For years, especially recently, the question has been raised “What ET/Commerce team is the greatest in school history?” In my opinion, this team that will be featured is without a doubt the greatest in school history, but before I give you the rationale for that, let me tell the story of arguably the greatest team in the history of a great and storied Lion program.
The Lions had closed out their previous season on an 8 game winning streak and had won most of their games in dominating fashion. Milburn Smith had taken an approach of creating space out of tight formations and had a dandy signal caller in Jim Grey and a stacked backfield full of playmakers who could run, catch, block, and execute Smith’s plan of attack. Most expected the Lions to be good, and those people got more than they bargained for.
The Lions kicked off the ’52 campaign by knocking off Abilene Christian in Abilene, a team that the Lions had not had a lot of success against up to that point.

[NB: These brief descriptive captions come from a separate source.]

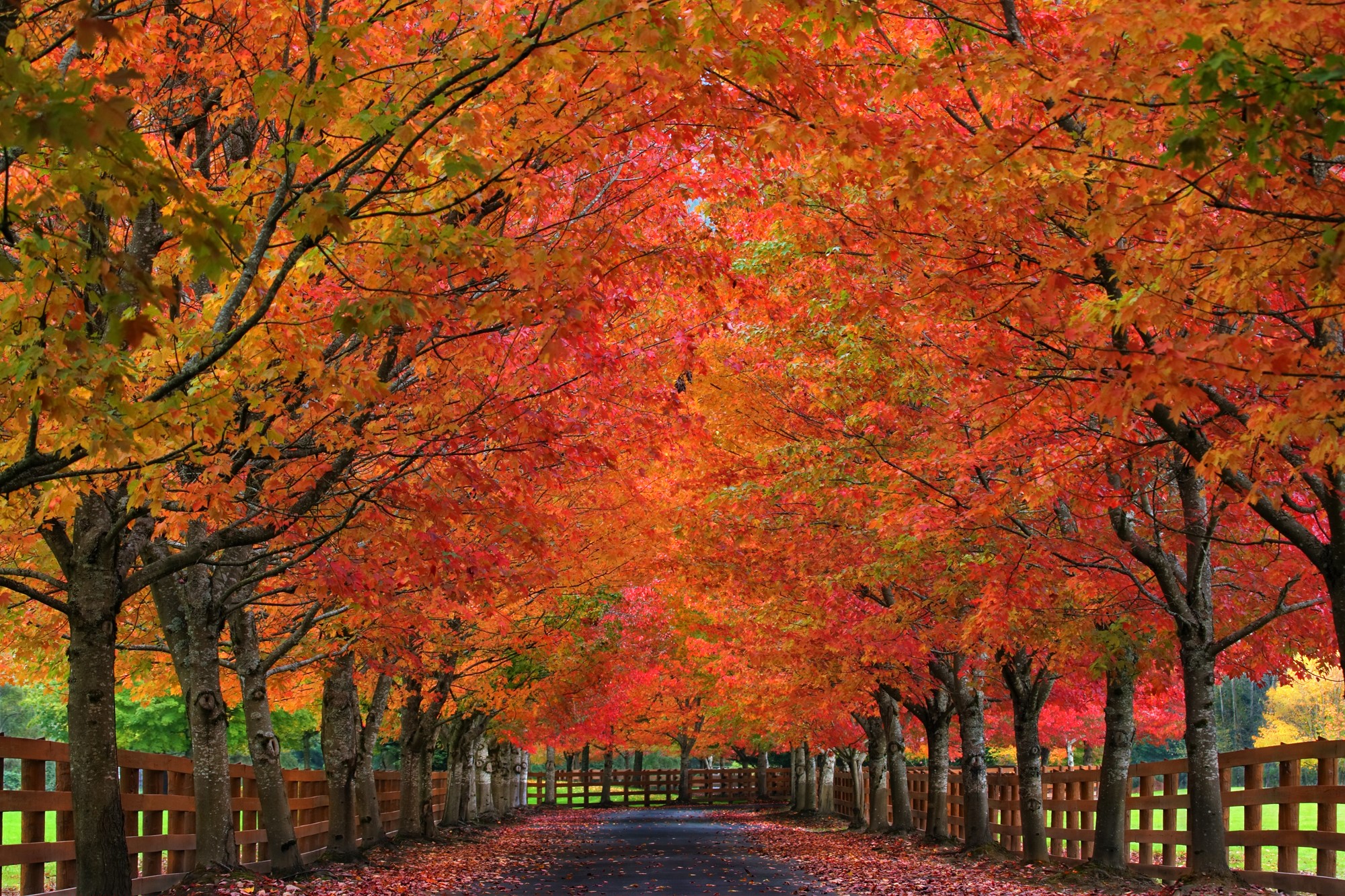 PCデスクトップに木, 秋, 道, フェンス, マンメイド, 並木道画像を無料でダウンロード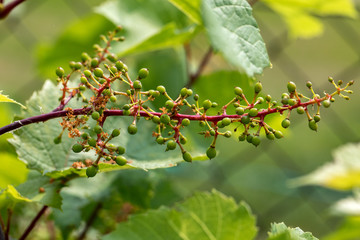 Green unripe grapes and leaves at vineyard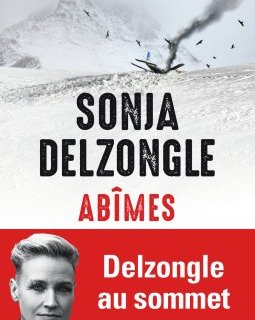 Abîmes - Sonja Delzongle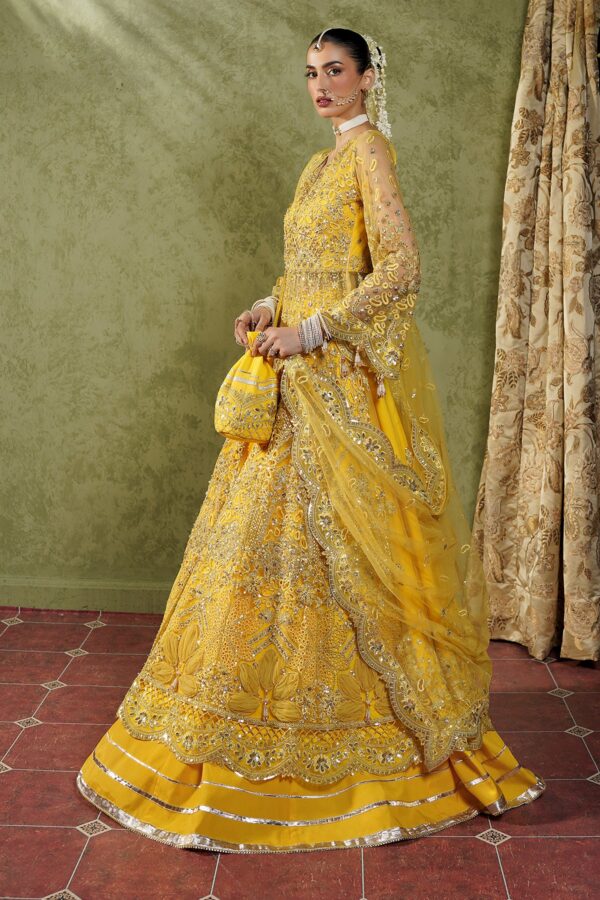 RHP02507 Maryam's Maahi Festive Collection 2026 - MM-03 Meena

The Lions issued statement number one by beating the Wildcats 21-0. The next week the Lions lit up the scoreboard with a 54-34 shootout win over Trinity. Then, three straight games that basically defined the season occurred. The Lions travelled to Southwestern Oklahoma State and scored the largest margin of victory in school history, 65-0. The next week, was the essentially the same result in Southeast Texas as ET whacked Lamar 48-0. The following game, same song different verse as the Lions throttled Midwestern State 48-0 in a game played at a neutral site in Vernon, Texas.
The next week Sam Houston State travelled to Commerce and again, the Bearkats left Commerce with a loss. The 33 points the Kats put up were not nearly enough to counter the 57 Smith’s offense put up. The next matchup in Deep East Texas saw the Lions route the Lumberjacks of Stephen F. Austin 54-7.
The last 3 games of the season were all played in Commerce and all blowout wins. 63-23 over Southwest Texas State, 61-7 over Austin College, and 27-7 over Sul Ross State. A 10-0 record, an undefeated season, something that had not been seen in 15 years. It put the entire country on notice about little East Texas State out of Commerce, Tx, and the country took notice.
Prior to 1956, The Lions were not tied to the NAIA as they were not yet sponsoring Football, and had a loose affiliation with NCAA. The Lone Star Conference was essentially a league of it’s own and the Lions played out of conference games against teams from now defunct conferences such as the Border Conference.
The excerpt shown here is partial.